--- DATA SUPPLIED Enclosed Below ---
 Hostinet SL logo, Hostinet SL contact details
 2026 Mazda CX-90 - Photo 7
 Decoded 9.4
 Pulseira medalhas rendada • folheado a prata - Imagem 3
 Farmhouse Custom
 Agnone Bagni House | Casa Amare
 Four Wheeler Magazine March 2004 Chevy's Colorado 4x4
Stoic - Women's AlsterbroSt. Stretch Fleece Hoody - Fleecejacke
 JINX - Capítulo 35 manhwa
--- End of Enclosed DATA SUPPLIED ---
--- DATA SUPPLIED Enclosed Below ---
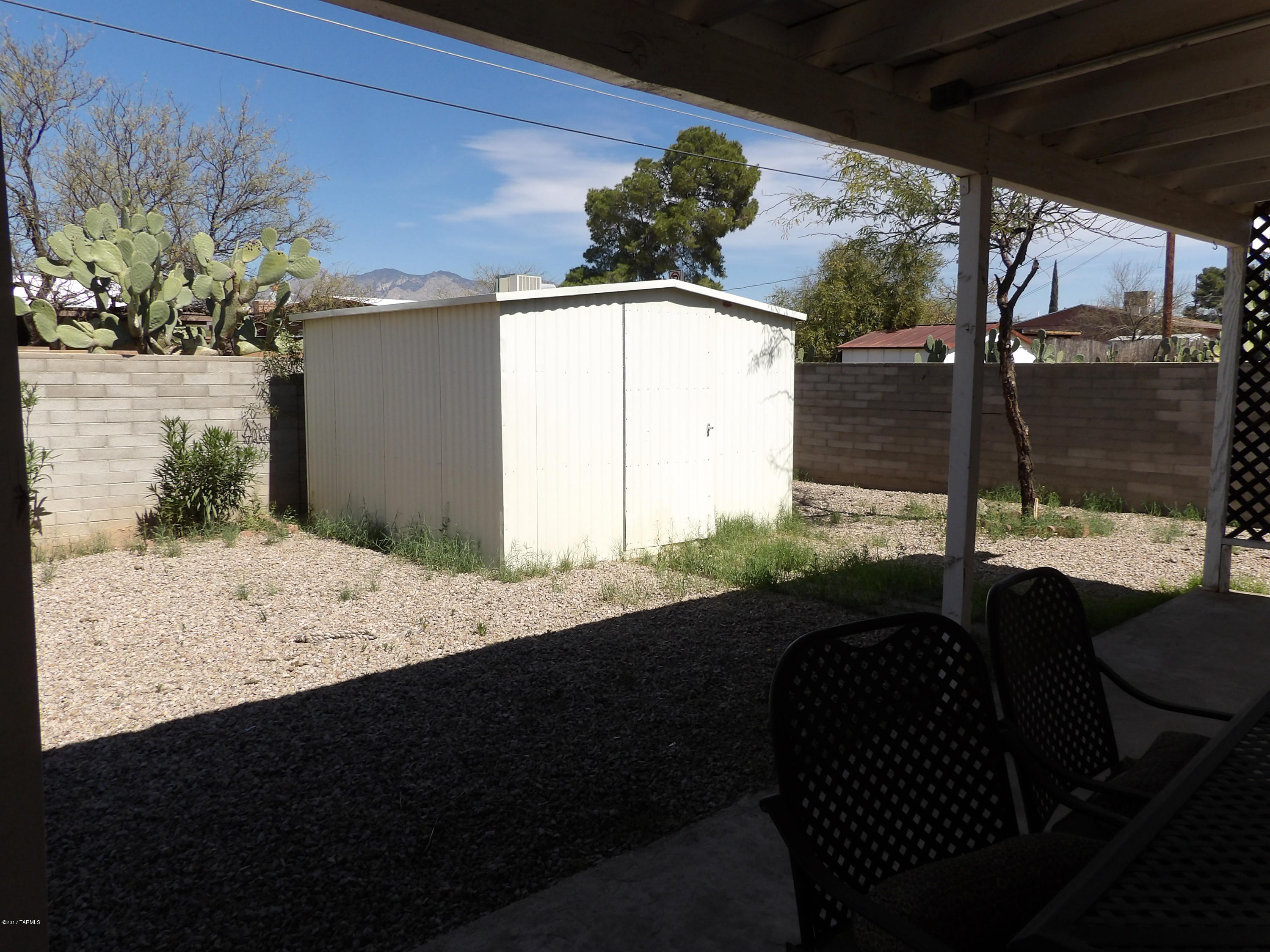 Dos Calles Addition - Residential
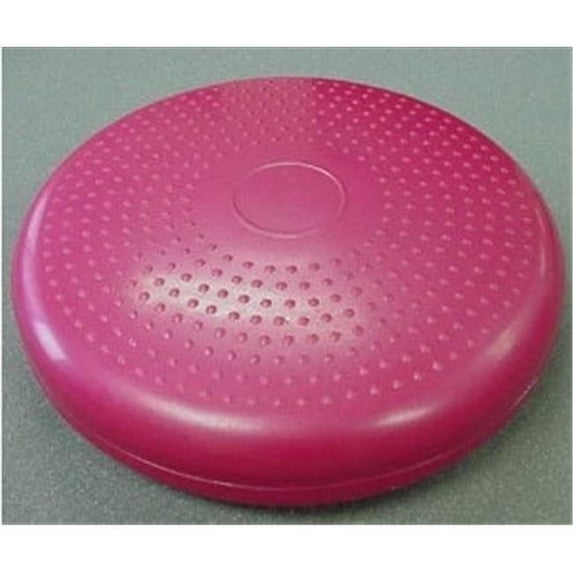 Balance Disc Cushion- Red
--- End of Enclosed DATA SUPPLIED ---
Your answer should consist of the lines from the line with "2026 Mazda CX-90 - Photo 7" to the line with "JINX - Capítulo 35 manhwa" above, repeated exactly, both ends included.

 2026 Mazda CX-90 - Photo 7
 Decoded 9.4
 Pulseira medalhas rendada • folheado a prata - Imagem 3
 Farmhouse Custom
 Agnone Bagni House | Casa Amare
 Four Wheeler Magazine March 2004 Chevy's Colorado 4x4
Stoic - Women's AlsterbroSt. Stretch Fleece Hoody - Fleecejacke
 JINX - Capítulo 35 manhwa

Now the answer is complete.